Al día siguiente al llegar a la playa nos subimos a un bote inflable que habíamos encontrado en la casa, el bote no hizo otra cosa que dar vueltas en el mismo eje, parecía anclado a no sé qué fuerza de gravedad que le impedía avanzar, estuvimos así un rato bajo el sol hasta que mi hermano mayor que cruzaba una adolescencia satánica se bajó de un salto y caímos al agua.

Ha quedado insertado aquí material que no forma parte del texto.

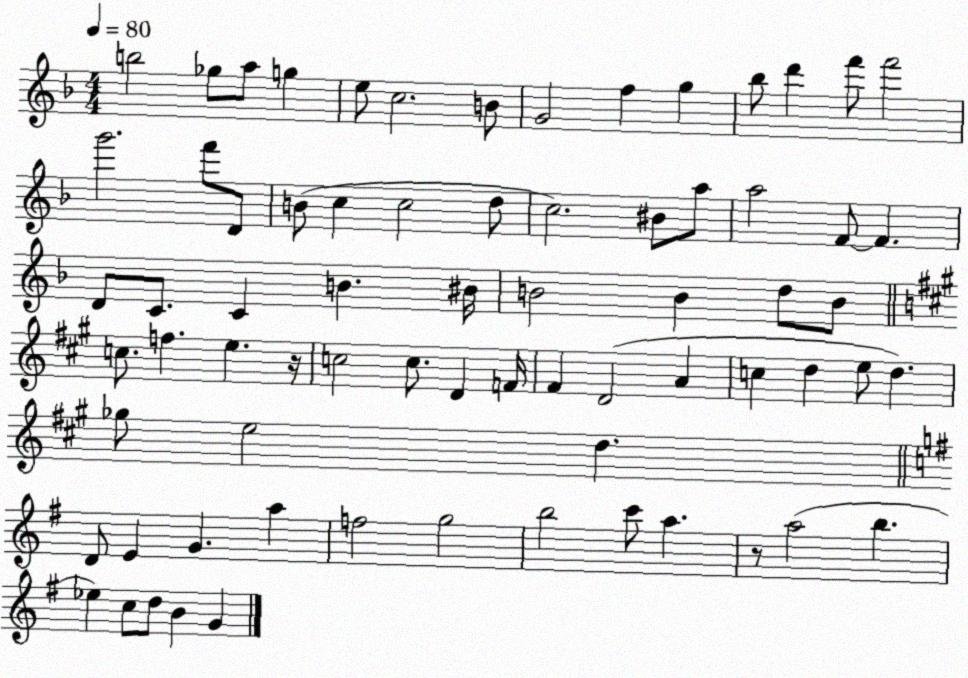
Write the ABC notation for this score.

X:1
T:Untitled
M:4/4
L:1/4
K:F
b2 _g/2 a/2 g e/2 c2 B/2 G2 f g _b/2 d' f'/2 f'2 g'2 f'/2 D/2 B/2 c c2 d/2 c2 ^B/2 a/2 a2 F/2 F D/2 C/2 C B ^B/4 B2 B d/2 B/2 c/2 f e z/4 c2 c/2 D F/4 ^F D2 A c d e/2 d _g/2 e2 d D/2 E G a f2 g2 b2 c'/2 a z/2 a2 b _e c/2 d/2 B G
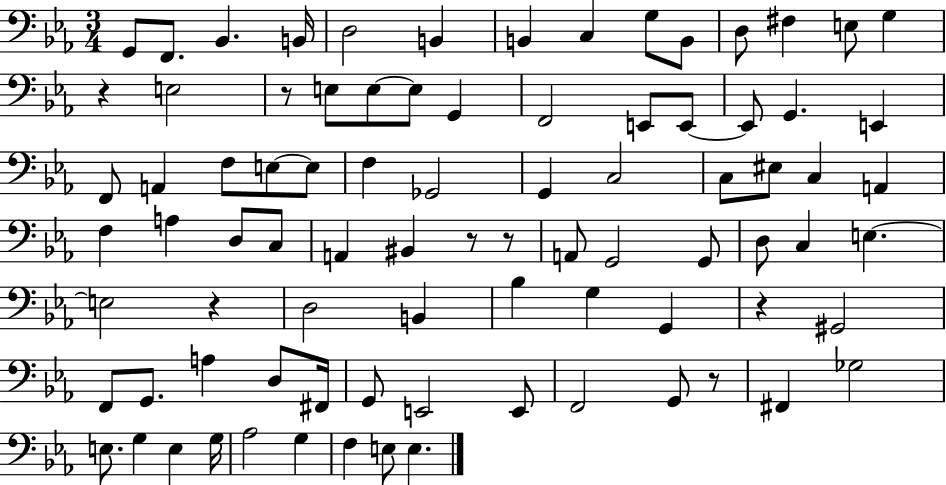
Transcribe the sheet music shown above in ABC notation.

X:1
T:Untitled
M:3/4
L:1/4
K:Eb
G,,/2 F,,/2 _B,, B,,/4 D,2 B,, B,, C, G,/2 B,,/2 D,/2 ^F, E,/2 G, z E,2 z/2 E,/2 E,/2 E,/2 G,, F,,2 E,,/2 E,,/2 E,,/2 G,, E,, F,,/2 A,, F,/2 E,/2 E,/2 F, _G,,2 G,, C,2 C,/2 ^E,/2 C, A,, F, A, D,/2 C,/2 A,, ^B,, z/2 z/2 A,,/2 G,,2 G,,/2 D,/2 C, E, E,2 z D,2 B,, _B, G, G,, z ^G,,2 F,,/2 G,,/2 A, D,/2 ^F,,/4 G,,/2 E,,2 E,,/2 F,,2 G,,/2 z/2 ^F,, _G,2 E,/2 G, E, G,/4 _A,2 G, F, E,/2 E,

Del cuñado-guía-turístico no supimos sino hasta el penúltimo día, cuando el clima empeoró y llegó a tocar la puerta para avisar que no salía ni entraba la barcaza de la isla. Estábamos con los bolsos listos, los habíamos dejado armados la noche anterior con la secreta esperanza que amainara la lluvia. La ansiedad de la noticia y del encierro hizo que nos comiéramos todas las pelotitas de unos cereales, muchas de las cuales caían y rodaban por el suelo hasta que alguien las pisaba con total indiferencia. A la primera despejada salimos, decía mi hermano mayor, pero pasaron casi dos días y las maletas seguían como piedras amontonadas en la entrada. El clima parecía una conspiración y la sicología como la paciencia comenzaba a acalambrarse, se notaba en el desenlace de los juegos de mesa que siempre terminaban reflotando viejas peleas familiares rematadas en portazos. Recuerdo haber querido tomar y fumar como lo hacía mi padre quien hace rato había perdido el habla. La isla se nos estaba viniendo encima, como una mano que aprieta y agudiza las fobias.
Se pensaba que el clima mejoraría al día siguiente y que vendría la barcaza y podríamos subir. Y así fue, en un movimiento tan rápido como exagerado estábamos todos afuera. Vamos rápido, vamos, vamos bien, decía agitado mi hermano mayor al cruzar la playa de las piedras, el capitán de la barcaza miró desconcertado. Avanzamos por el mar lentamente, pálidos y mareados. Y al poner un pie en el suelo de Calbuco corrimos hasta el auto con la mano torpemente levantada diciendo adiós. Con la prisa a mi padre se le enredó un bolso entre las piernas, las llaves volaron y está vez la nariz no se salvó.